[Stored items]
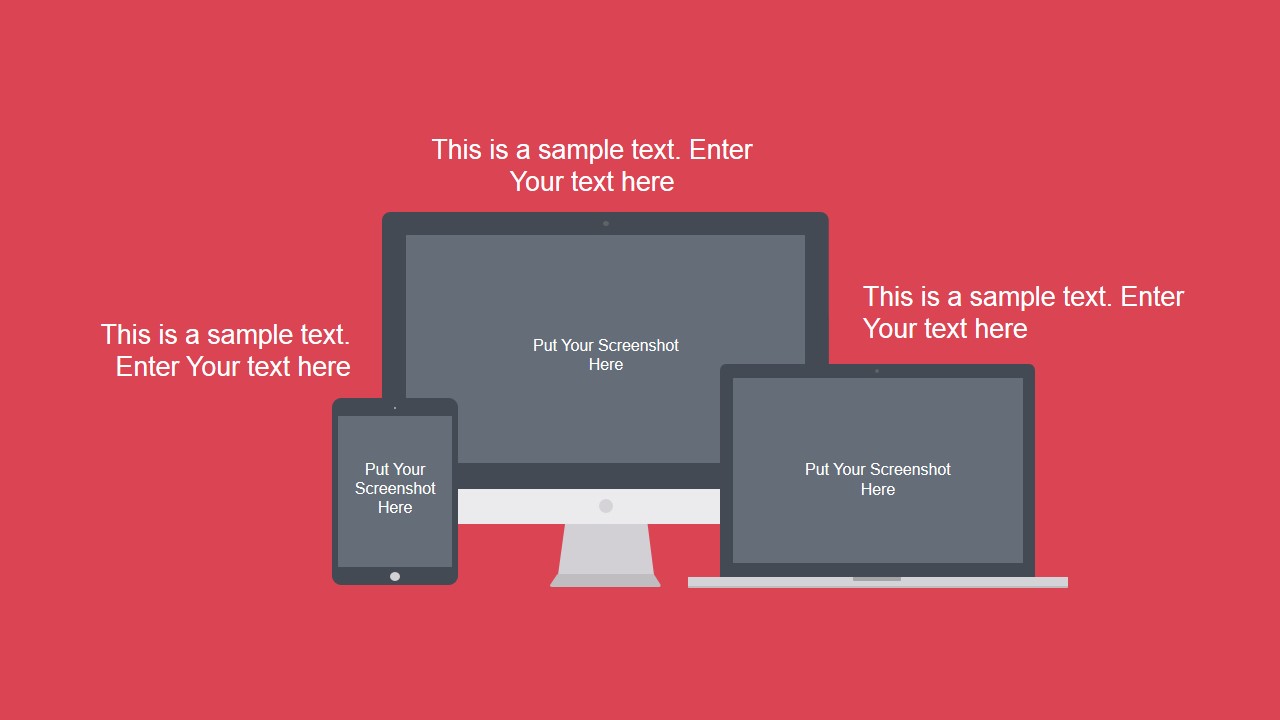 Responsive Design Slide for PowerPoint with Devices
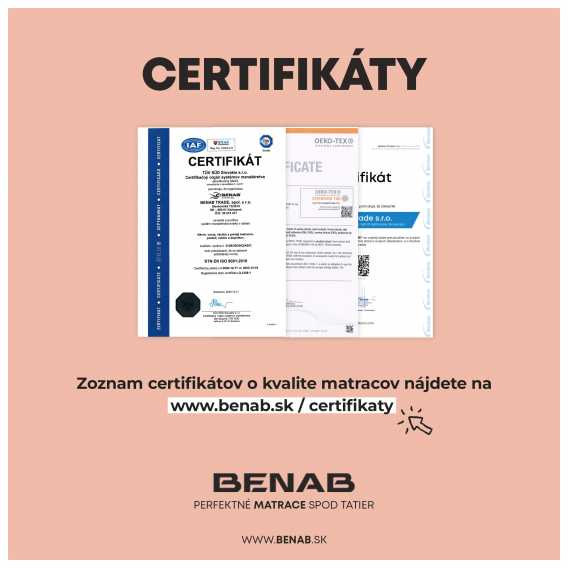 Obrázok pre Matrac BENAB FLORA BIO PLUS 1+1 + darček 1x chránič matraca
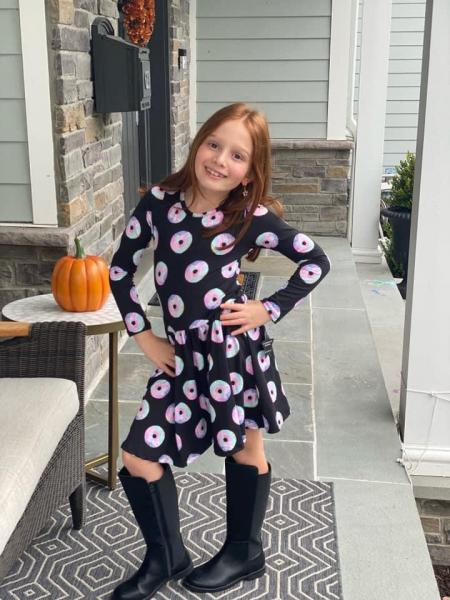 Be Happy Dress- Donut- Short/Long Sleeve picture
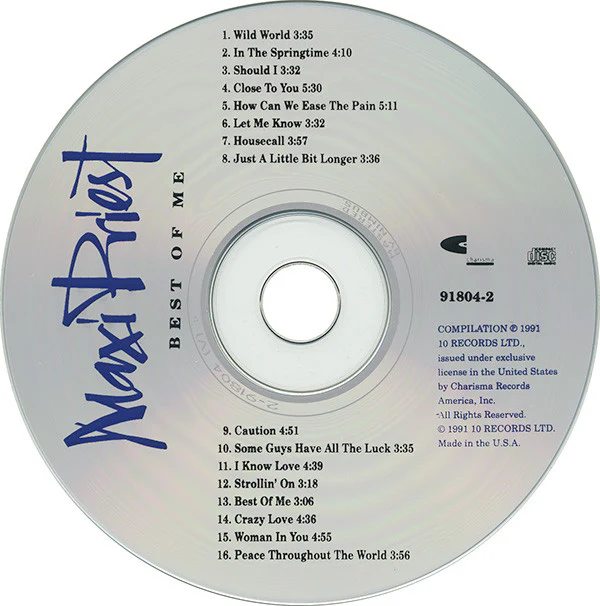 Maxi Priest - Best Of Me (CD, Comp) - Image 3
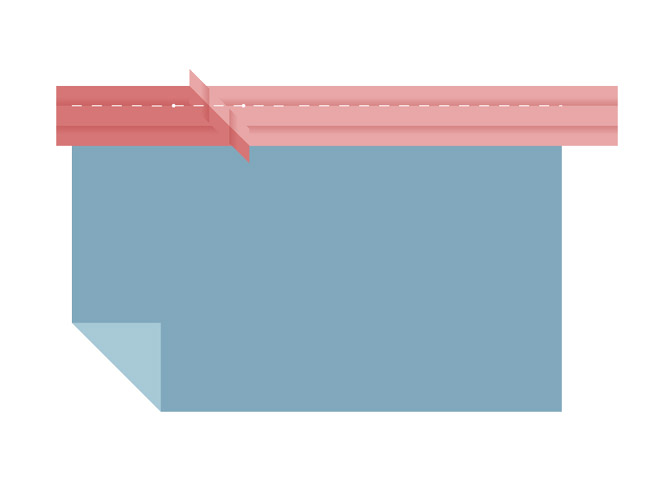 Finish your first seam bias on the work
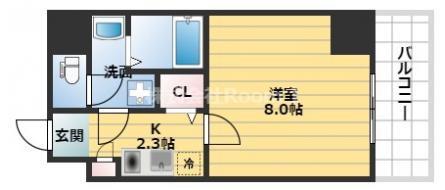 MT空堀(1K/8階)の間取り写真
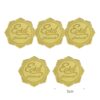 Lot de 5 décoration pour Cupcake EID MUBARAK en plexiglas doré - Najma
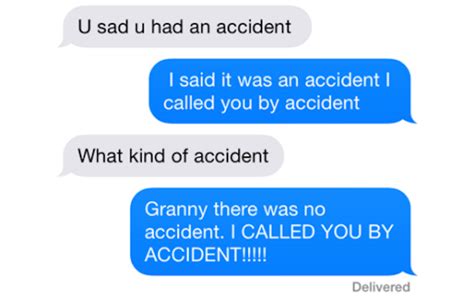 Grandma Texts Grandson After He Mistakenly Calls Her And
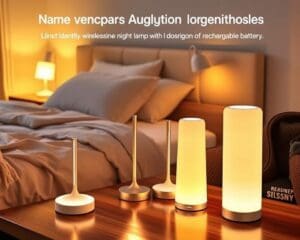 Draadloze nachtlampjes met oplaadbare accu voor gemak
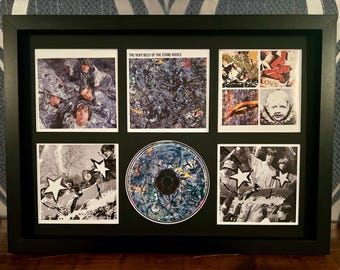 The Stone Roses / Il meglio di / Stanley Road / Espositore da parete per CD in stile retrò / Cornice non inclusa /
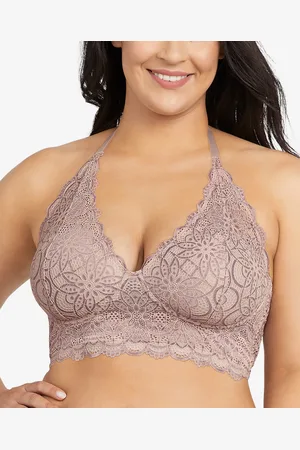 Maidenform Pure Comfort Lace & Mesh Longline Wireless Bralette DM1188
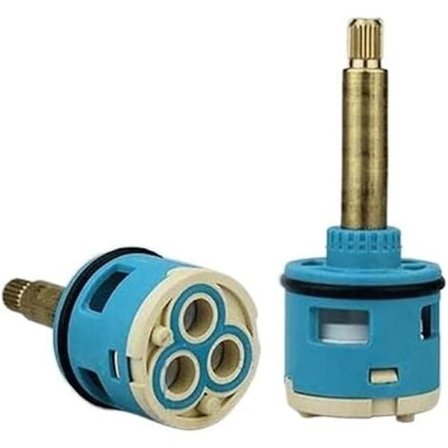 Erstatningspatron for blandebatteri, erstatningsventilpatroner, 33 mm keramisk kranpatron, keramisk skivepatron, kontrollventil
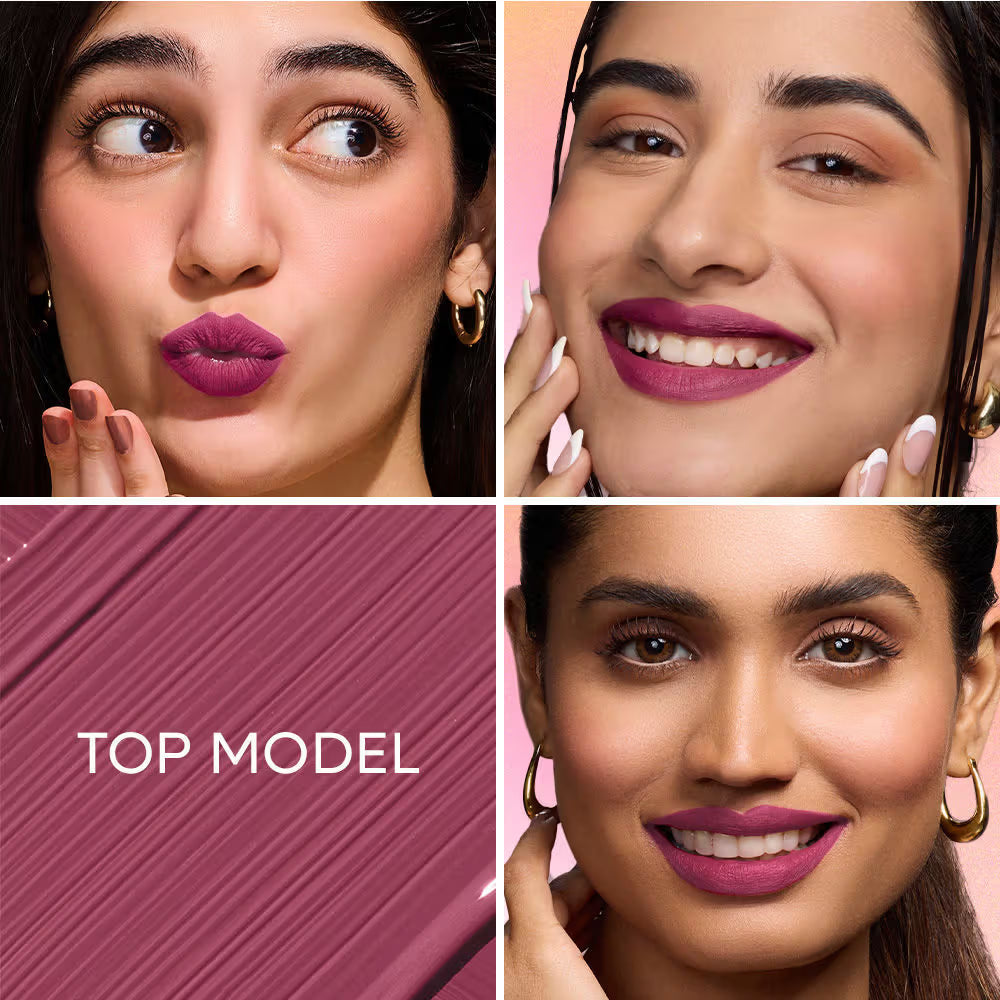 Nykaa All Day Matte Long Lasting Transferproof Liquid Lipstick Top Model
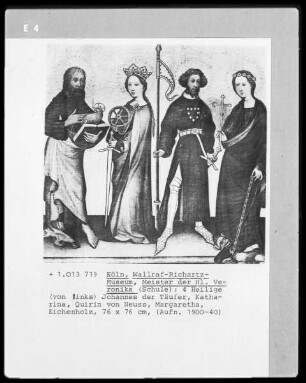 Marienaltar — Die Heiligen Johannes, Katharina, Quirinus und Helena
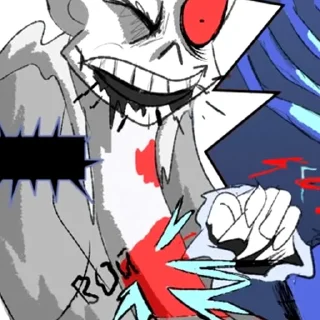 💊 .🪚horror sans🪚. @kirkland4kiki, Telegram sticker 12 of 33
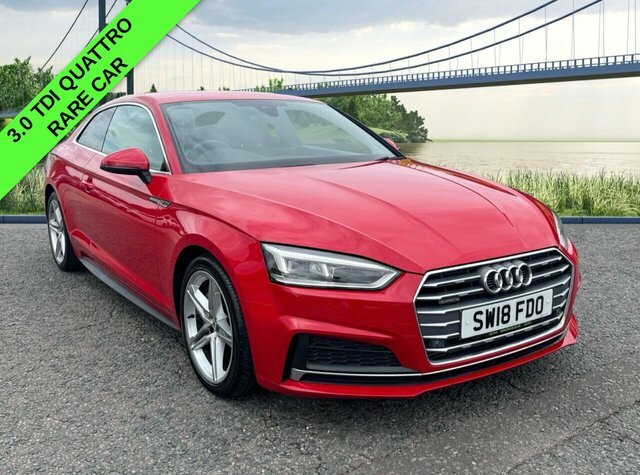 Audi A5 3.0 Tdi V6 S Line Coupe S Tronic Quattr Red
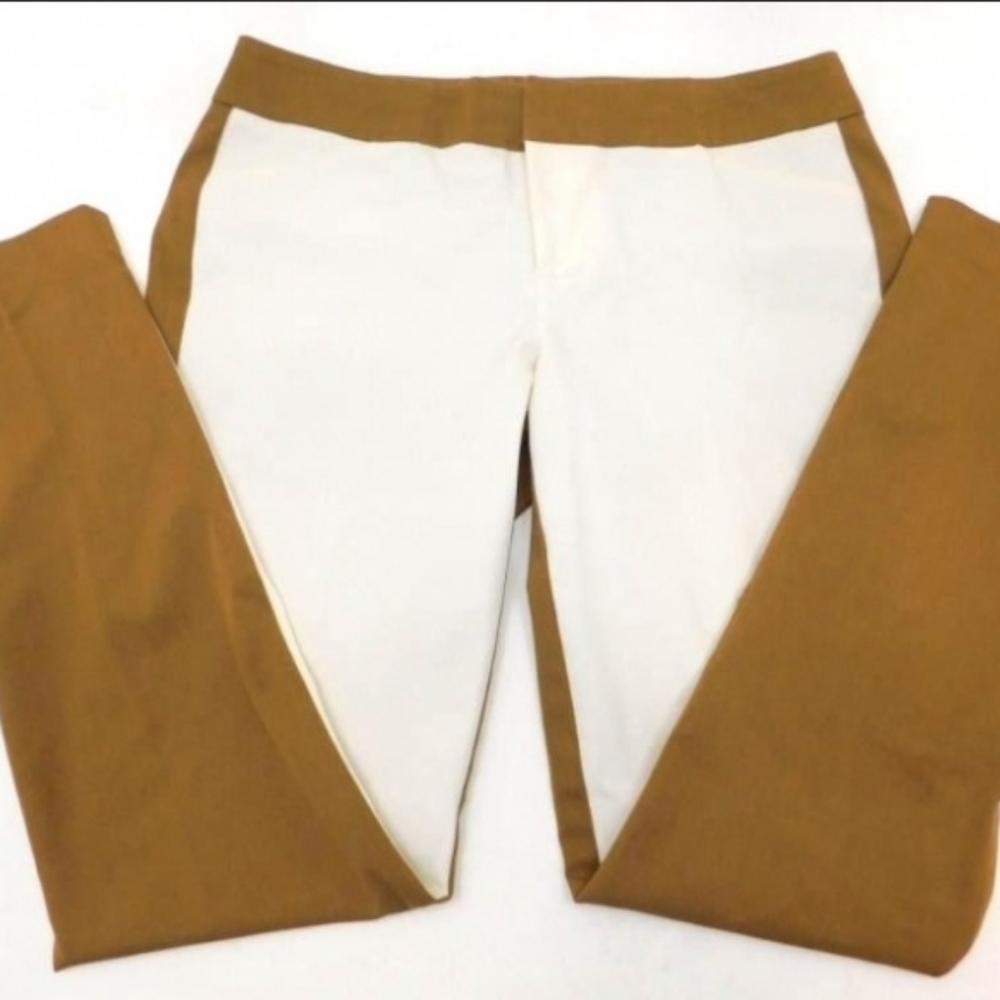 ECRU Tan/White Skinny Beck Pants Sz 6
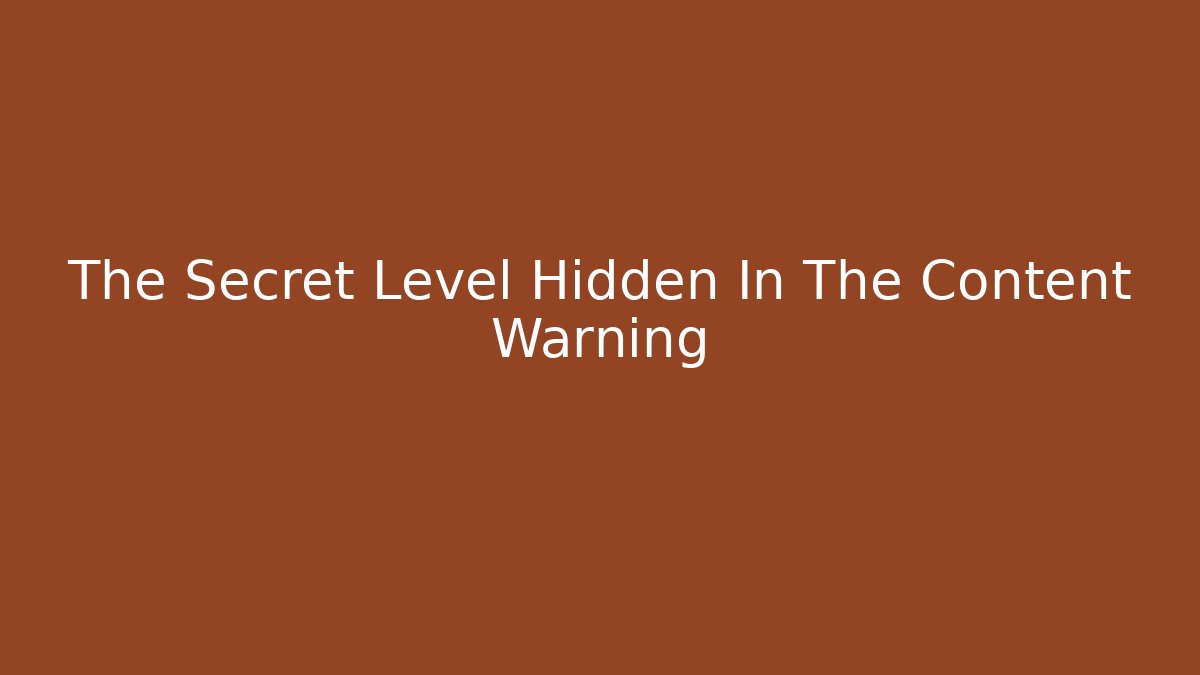 The Secret Level Hidden In The Content Warning - Felix Cat Insurance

▶ [TO DO] Exactly as written, set down the lines from the line holding "The Stone Roses" to the last line of the data, both ends included, pictures excluded.

▶ [TASK RESULT]
 The Stone Roses / Il meglio di / Stanley Road / Espositore da parete per CD in stile retrò / Cornice non inclusa /
 Maidenform Pure Comfort Lace & Mesh Longline Wireless Bralette DM1188
 Erstatningspatron for blandebatteri, erstatningsventilpatroner, 33 mm keramisk kranpatron, keramisk skivepatron, kontrollventil
 Nykaa All Day Matte Long Lasting Transferproof Liquid Lipstick Top Model
 Marienaltar — Die Heiligen Johannes, Katharina, Quirinus und Helena
 💊 .🪚horror sans🪚. @kirkland4kiki, Telegram sticker 12 of 33
 Audi A5 3.0 Tdi V6 S Line Coupe S Tronic Quattr Red
 ECRU Tan/White Skinny Beck Pants Sz 6
 The Secret Level Hidden In The Content Warning - Felix Cat Insurance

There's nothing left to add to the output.